Socially situated artificial intelligence enables learning from human interaction
https://www.pnas.org/doi/10.1073/pnas.2115730119
Regardless of how much data artificial intelligence agents have available, agents will inevitably encounter previously unseen situations in real-world deployments. Reacting to novel situations by acquiring new information from other people—socially situated learning—is a core faculty of human development.
Unfortunately, socially situated learning remains an open challenge for artificial intelligence agents because they must learn how to interact with people to seek out the information that they lack. In this article, we formalize the task of socially situated artificial intelligence—agents that seek out new information through social interactions with people—as a reinforcement learning problem where the agent learns to identify meaningful and informative questions via rewards observed through social interaction.
We manifest our framework as an interactive agent that learns how to ask natural language questions about photos as it broadens its visual intelligence on a large photo-sharing social network.

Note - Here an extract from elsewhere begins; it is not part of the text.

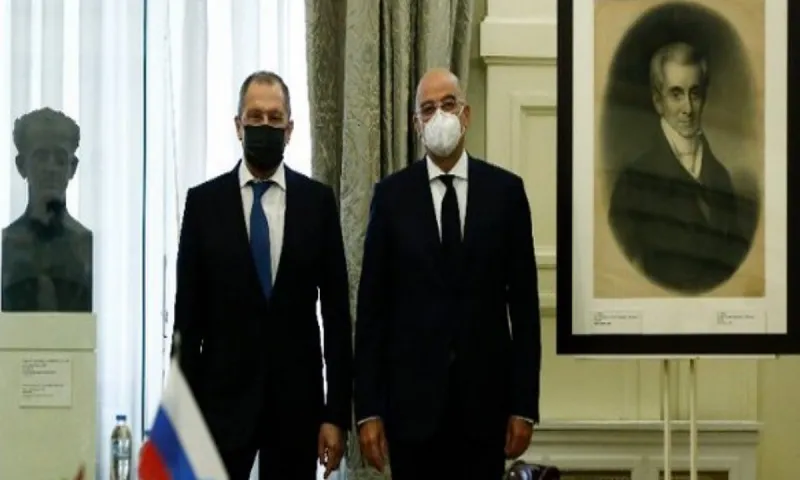 Κάτω από τον πίνακα του Ιωάννη Καποδίστρια συναντήθηκαν Λαβρόφ - Δένδιας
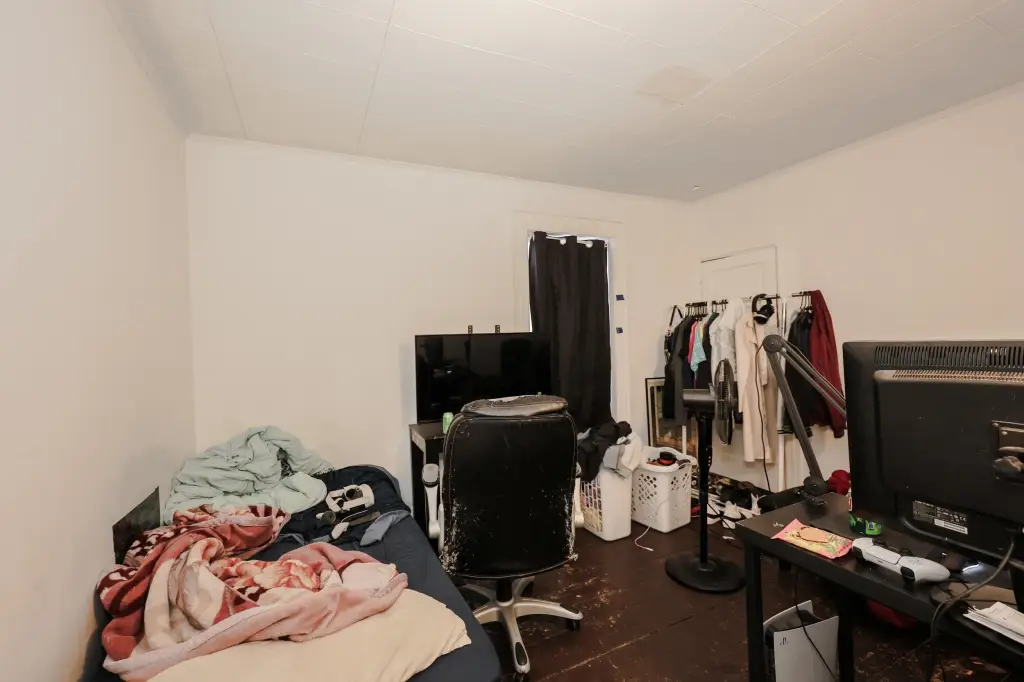 Picture 7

Unlike active-learning methods, which implicitly assume that humans are oracles willing to answer any question, our agent adapts its behavior based on observed norms of which questions people are or are not interested to answer. Through an 8-mo deployment where our agent interacted with 236,000 social media users, our agent improved its performance at recognizing new visual information by 112%. A controlled field experiment confirmed that our agent outperformed an active-learning baseline by 25.6%. This work advances opportunities for continuously improving artificial intelligence (AI) agents that better respect norms in open social environments.
To enable socially situated AI, the agent must not only gather data to learn new concepts, but also learn how to interact with people to gather the data. At any given moment, the agent must trade off between these twin goals of interacting to learn and learning to interact. The task is made more challenging because the space of possible interactions for the agent to traverse is vast, the space of useful social interactions is a sparse subset of these possible interactions, and the space of informative interactions constantly shifts as the agent learns. Reinforcement learning, which formalizes possible interactions as an action space and feedback as a reward, requires hundreds of millions of interactions to uncover this subspace of informative and prosocial interactions (17, 18); people will abandon such an agent long before it crosses such a threshold (19, 20). As a result of this limitation, methods that learn from human interaction have so far only seen success with manual human labels (21–25) or with small action spaces such as games and simulations with only a few dozen moves (26–28).